# Installing CDO



## BillHamilton (Jul 26, 2010)

Hi,

I have been advised to download and install CDO from here onto my Vista Home Premium system to allow me to use Ron deBruin's code to send emails from Excel VBA. It all works fine on my W7 and XP machines, but not on my Vista machine, where I get "Run time error 429 - ActiveX component can't create object". The line it stops at is Set iMsg = CreateObject("CDO.Message"). 

I ran it past the guys on the Mr Excel forum (see here) and someone said to try installing CDO. I have tried that and as another problem has raised its ugly head, I thought I'd post here for more advice seeing the issue has nothing to do with Excel.

Running as an Administrator, I hit the download button and despite what the instructions say I only get an option to Save (not Run). So, I save it to my downloads folder and execute it from there. It asks 'Choose directory for extracted files.' Hmmm. With no better idea at the time, I made a new folder in ProgramFiles and directed it to install there. It came back with 

"The system cannot find the path specified"

Hard to understand that. 

OK, maybe Program Files was not a good choice to start with, but has anyone got any better ideas? I do already have 'cdo32.dll' in c:\windows\system32. Should I point it there? Don't want to upset anything if I can help it.


----------



## SkyStormKuja (Apr 6, 2012)

The extracted files is _most probably_ the setup files themselves, and not the actual dll's and system files that is to be installed. So, using c:\tempinstall or similar might work. Usually you would then run setup.exe from the extracted folder.

Win 7 is very secure with anything inside Program Files.


----------



## BillHamilton (Jul 26, 2010)

Thanks for the reply.

I did the extract to the same folder I downloaded the file to, and that worked. It resulted in ExchangeCdo.MSI and a readme file being put into a new subfolder within that folder.

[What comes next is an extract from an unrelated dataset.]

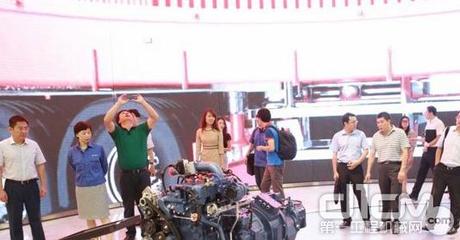 中德经济顾问委员会成员到潍柴参观交流，共探经济信息咨询合作新机遇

On executing the MSI it unfortunately gives me the message that CDO 1.2.1 cannot be installed unless Outlook 2007 is also installed. Correct. It's not.

The Mr Excel guys didn't tell me that was a prerequisite, so I'll bounce this back to them again I think.

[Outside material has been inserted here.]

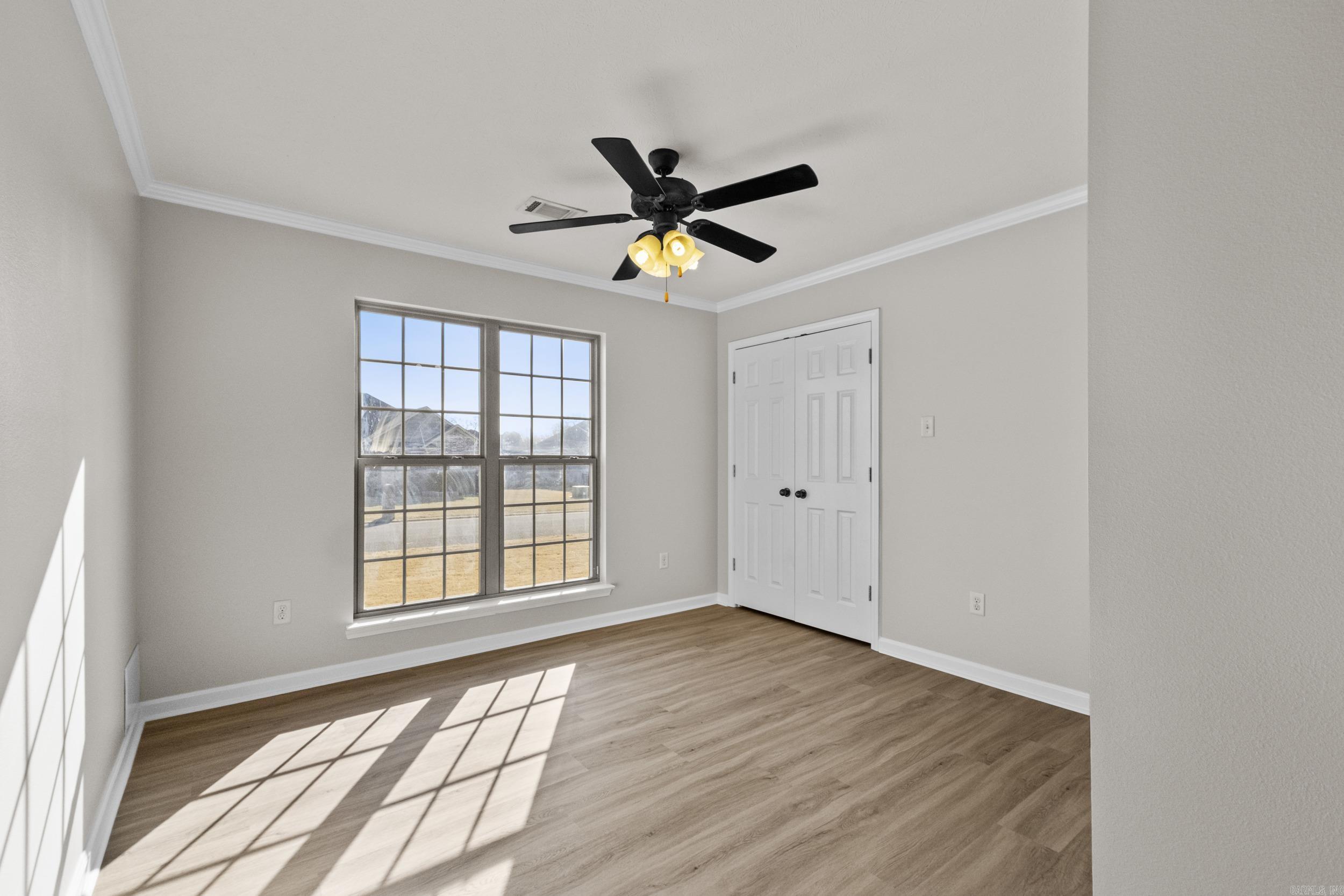 MAKENNA COVE - Residential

At least this little problemette is solved, thank you.

Bill


----------



## SkyStormKuja (Apr 6, 2012)

Alright. Good luck with the CDO.


----------



## spunk.funk (May 13, 2010)

What is your original problem that you need to download CDO? If your not running Office 2007 or 2010 what version of Office are you running?


----------



## BillHamilton (Jul 26, 2010)

Hi spunk.funk.

Installing CDO was a suggestion made in the discussion I'm having on the Mr Excel forum. See the link in my first post here if you want to check it out.

I am running Office 2007, but without Outlook. I have just installed Outlook 2010 (the only version available to me) but the version of CDO on the MS download site will not install without Outlook 2007.

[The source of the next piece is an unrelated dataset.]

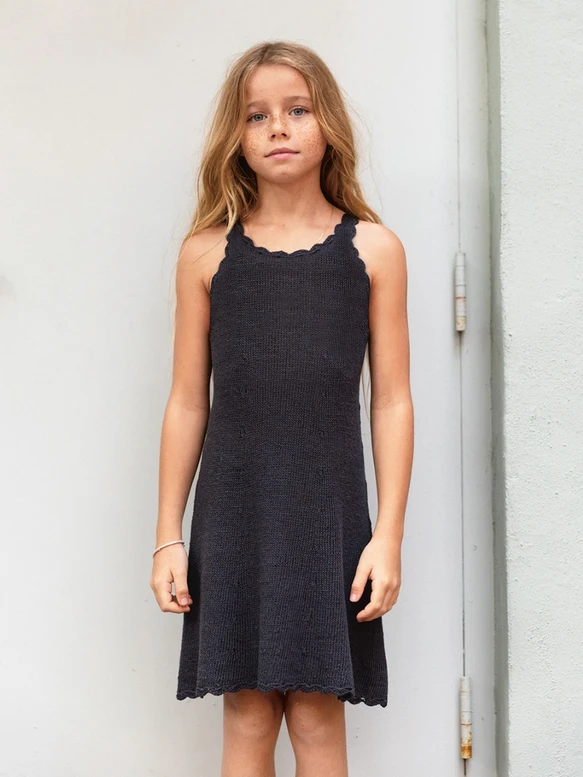 Linnea Dress Junior - strikkeopskrift til piger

For info (and I'm about to post this on the Mr Excel forum too), the problem did not go away after I installed Outlook 2010.

Rather than bounce around with the same problem open on two forums (and the basic question I posed on this one has been answered), I think I'll put the issue back with the Excel experts, unless of course you (or anyone... anyone???) have the magic bullet for this issue.


----------



## spunk.funk (May 13, 2010)

Moving this thread to the Office forum for better results. 
*CDO* is not supported in Outllook 2010 Collaboration Data Objects (CDO) 1.2.1 is not supported with Outlook 2010. 
Do you have the Office 2007 CD? *Outlook 2007* installs by default when you install *Office 2007*?! unless you choose not to install it.


----------



## BillHamilton (Jul 26, 2010)

spunk.funk said:


> Do you have the Office 2007 CD?


Yes I do have the CD but it's the Office Home and Student version, which only consists of Word, Excel, PowerPoint and OneNote.

The gurus on Mr Excel are not hopeful of a solution to this and have advised me to throw in the towel. Seems like a good idea. Unless someone here........


----------